Activity: The output is a word-for-word repeat of the listing below, free of images.

Recorded data:
╔══
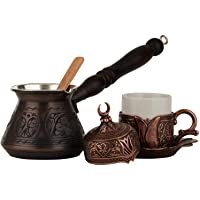 DEMMEX juego de 6 piezas de café griego turco para 1 con olla de cobre grabada y tapa de plato y cuchara de alta…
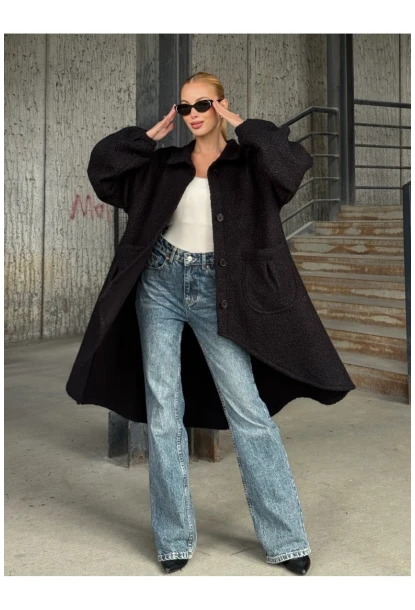 Geniş Çift Cepli Kalın Buklet Kumaş Mevsimlik Mont Siyah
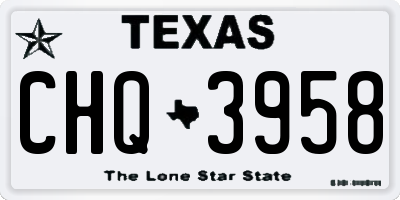 TX license plate CHQ3958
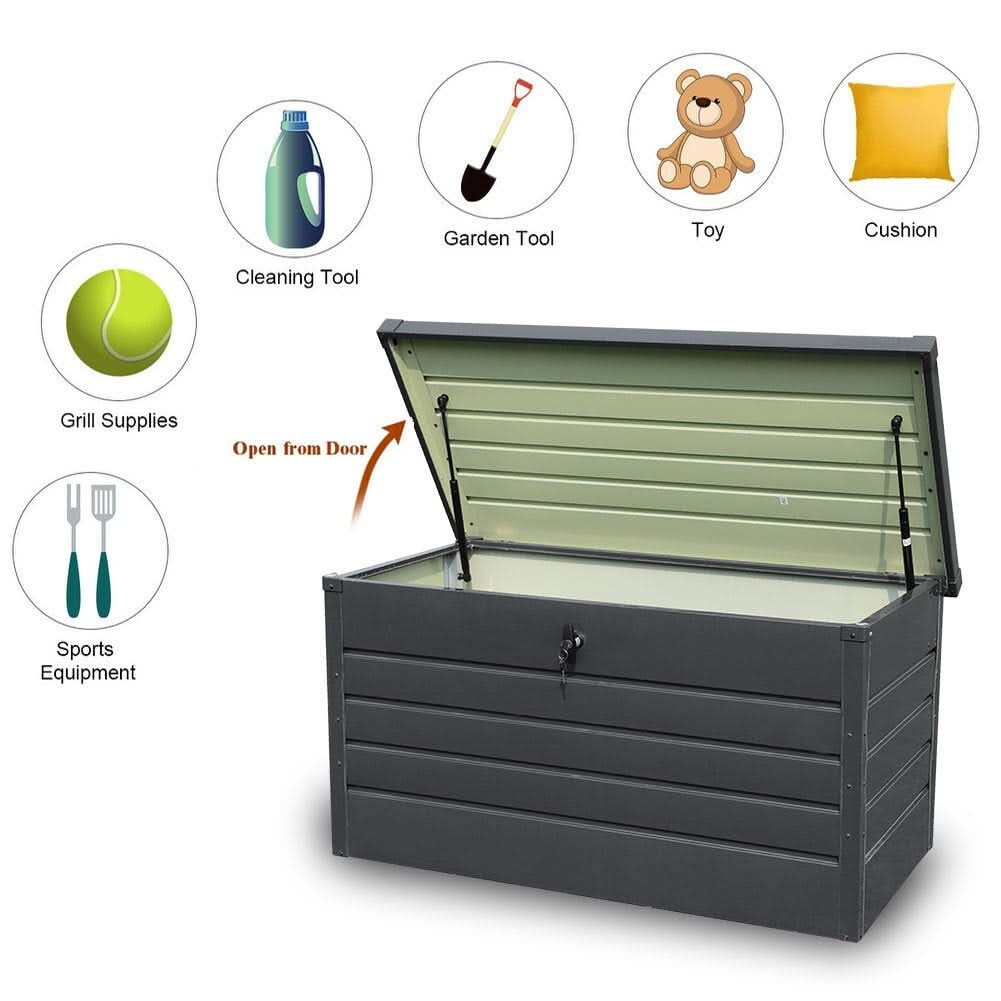 350L Steel Garden Steel Box  Patio Waterproof Storage Box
╚══
Answer below:
 DEMMEX juego de 6 piezas de café griego turco para 1 con olla de cobre grabada y tapa de plato y cuchara de alta…
 Geniş Çift Cepli Kalın Buklet Kumaş Mevsimlik Mont Siyah
 TX license plate CHQ3958
 350L Steel Garden Steel Box  Patio Waterproof Storage Box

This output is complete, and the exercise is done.